Professor Benjamin Graham
Graham loved investing and mentoring others. As a Columbia University professor he taught the great Warren Buffett, who has proclaimed Graham’s book “The Intelligent Investor” (1949) the “best book on investing ever written”.
The Intelligent Investor
In the “Intelligent Investor” Graham used his teaching skills to outline his criteria for finding value. He used the famous parable of Mr. Market to illustrate how an intelligent investor should think and exploit market volatility.
Graham also developed the concept of margin of safety which requires purchasing assets below a conservative valuation of the business. In other words, price matters. The greater the margin of safety the less risky the investment, because there is more room for mistakes or unforeseen events. Eventually a quality investment will realize its true fundamental value and then you can sell the asset.

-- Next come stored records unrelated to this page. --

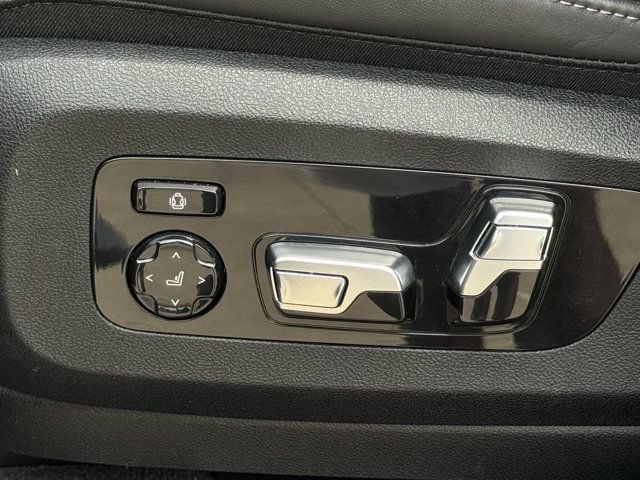 Used 2025 BMW X7 xDrive40i w/ Premium Package AWD/4WD image 30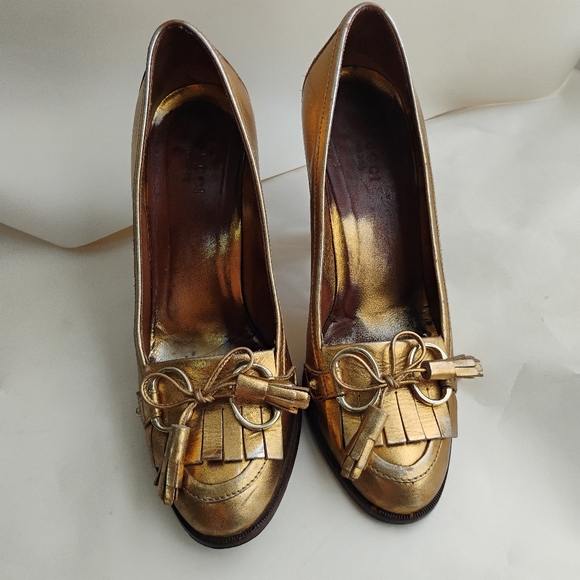Gucci metallic horsebit heels size 7B - Picture 10 of 16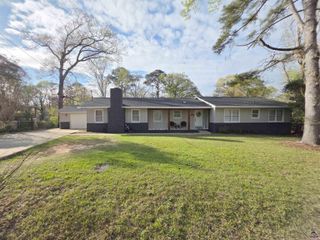 224 Lake Placid Drive, Bonaire, GA 31005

Graham developed a ground breaking approach to analyzing securities. He used the concept of intrinsic value in comparison to the stock price and establishing a margin of safety before he was willing to make an investment.
Along with his emphasis on valuation Graham favored quality investing. He sought out larger companies with solid balance sheets and favored those that paid a dividend. Graham was adamant that companies have consistent rising earnings, so he looked for companies with sustainable competitive advantages.
The Father of Value Investing
Benjamin Graham developed the concept of comparing valuations and adhering to strict value investing rules. He is the Father of Value Investing because his work lives on through value investors; including some of the greatest of all time.